Em San Pedro de La Paz, moradores também resolveram se defender sozinhos, armando uma barricada com paus e pedras acompanhada de um cartaz que dizia em letras garrafais: "Apenas residentes".

Concepción começou a ficar mais calma depois do toque de recolher imposto ontem, mas seus moradores viveram momentos de angústia quando uma réplica do terremoto de sábado fez ruírem os muros de um prédio enquanto equipes de resgate buscavam sobreviventes nos escombros. Bombeiros disseram que o prédio inteiro está prestes a desabar, mas afirmaram que continuariam os trabalhos.

O número de feridos ontem em todo o país estava em 500, sendo 100 em estado grave. Dezenove pessoas continuavam desaparecidas.

Feridos são transferidos para áreas não afetadas

Nove hospitais foram interditados por causa do terremoto e a área mais atingida perdeu quatro mil leitos. Hospitais de campanha serão instalados nos próximos dias para atender as vítimas, incluindo um do Peru, um do México e um do Brasil. Ainda sem a infraestrutura necessária, centenas de pessoas foram transferidas para a capital ou cidades não atingidas.

- Não recebemos nenhuma ajuda do governo.
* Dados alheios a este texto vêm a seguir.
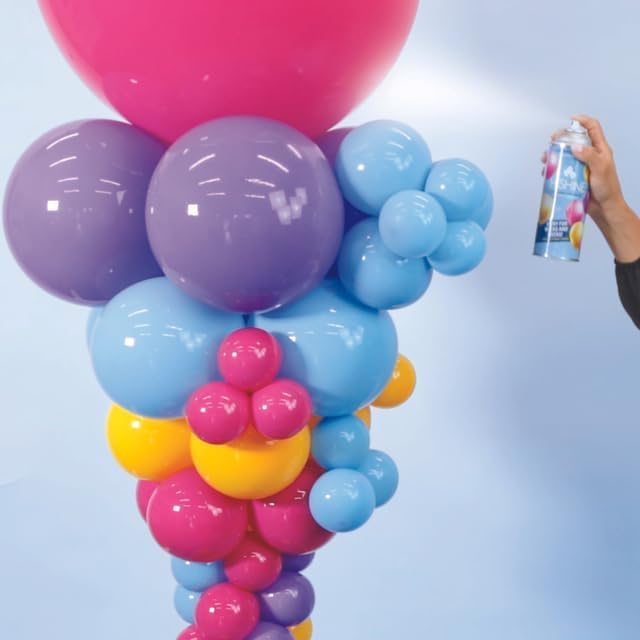 Spray Aerosol HI-SHINE de 12 oz: Rocío Preciso, Sin Goteos, Brillo Instantáneo - Mejora la Decoración para Fiestas, Bodas y Eventos - Aplicación - imagen 5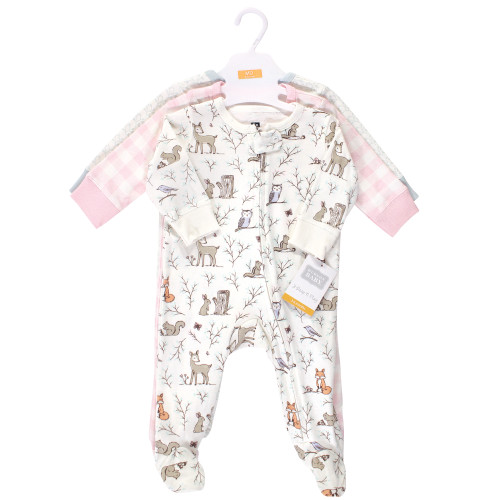 Hudson Baby Cotton Sleep and Play, Enchanted Forest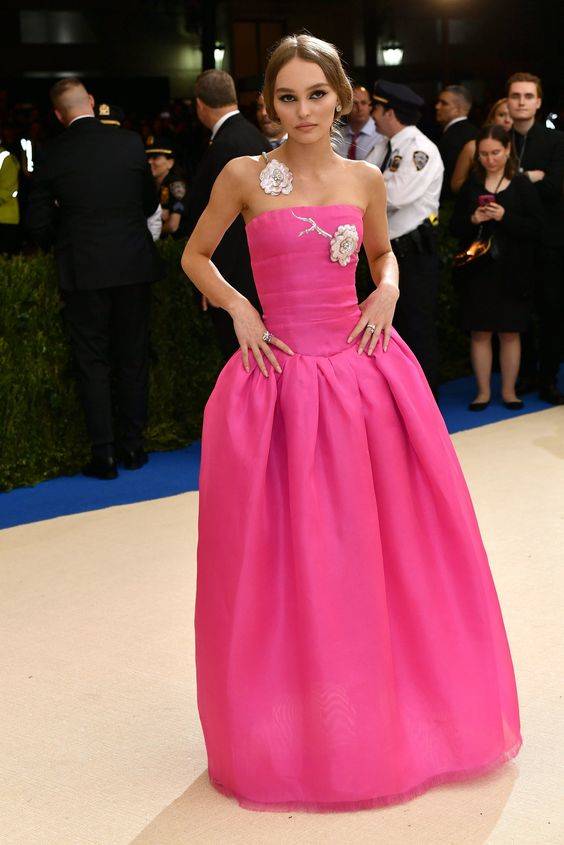lily rose depp met gala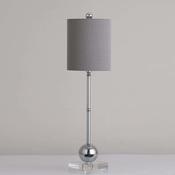 Lund Table Lamp with Grey Shade H28inch image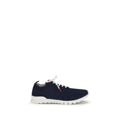 Kiton Blue Cotton Low Top Men's Sneakers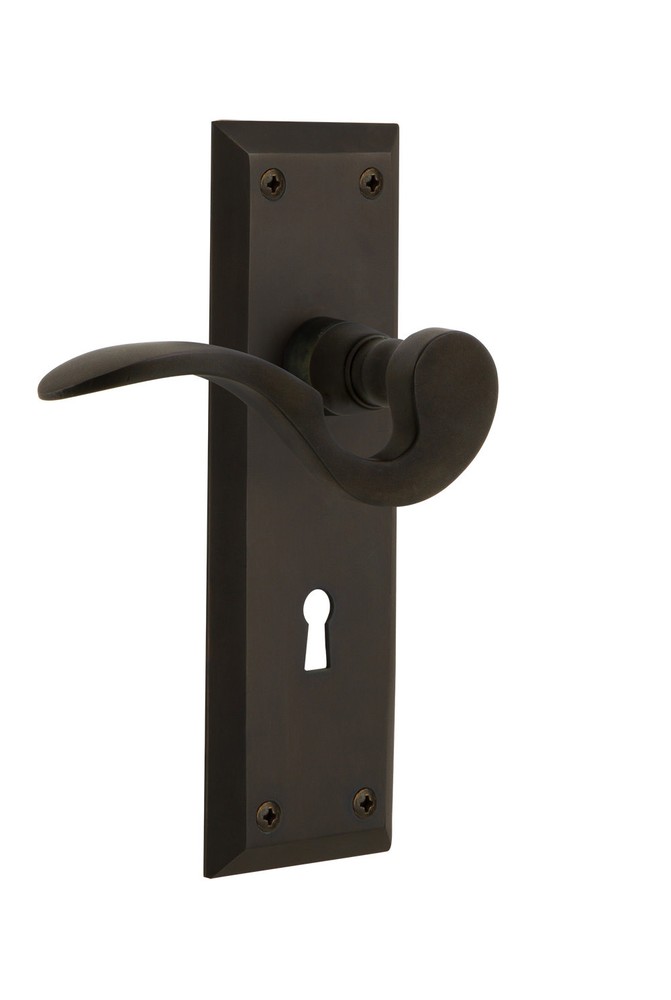 Nostalgic Warehouse NYKMAN_PRV_234_KH Manor Privacy Door Lever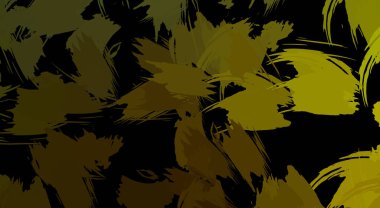 Canlı fırça darbeleriyle boyanmış. Renkli desenli resim. Fırçalanmış duvar kağıdını boya.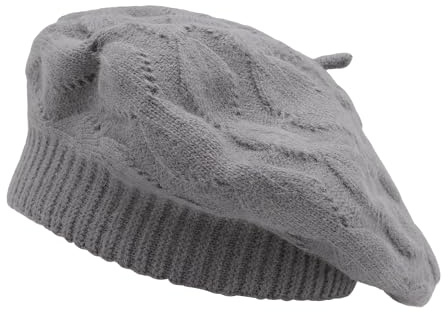 ZLYC Damen Baskenmütze Klassische Französischen Barette Einfarbig Beret | Damen Einfarbige Bequem Weich Warm Hüte im Künstler-Stil für Herbst und Winter,auf Reisen oder im Alltag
Esperávamos mais e ainda esperamos três coisas básicas: comida, água e eletricidade - disse Damian Vera Vergara, de 68 anos, na cidade de Talca, onde as autoridades também estavam sendo amplamente criticadas pela demora no socorro.

O governo anunciou o estabelecimento de uma ponte aérea entre a capital e Concepción. A LAN, principal companhia aérea chilena, informou que retomará hoje 15% de seus voos a partir do aeroporto internacional de Santiago. Apesar de o lobby ter desabado, não há relatos de danos nas pistas para pousos e decolagens, ou na torre de controle.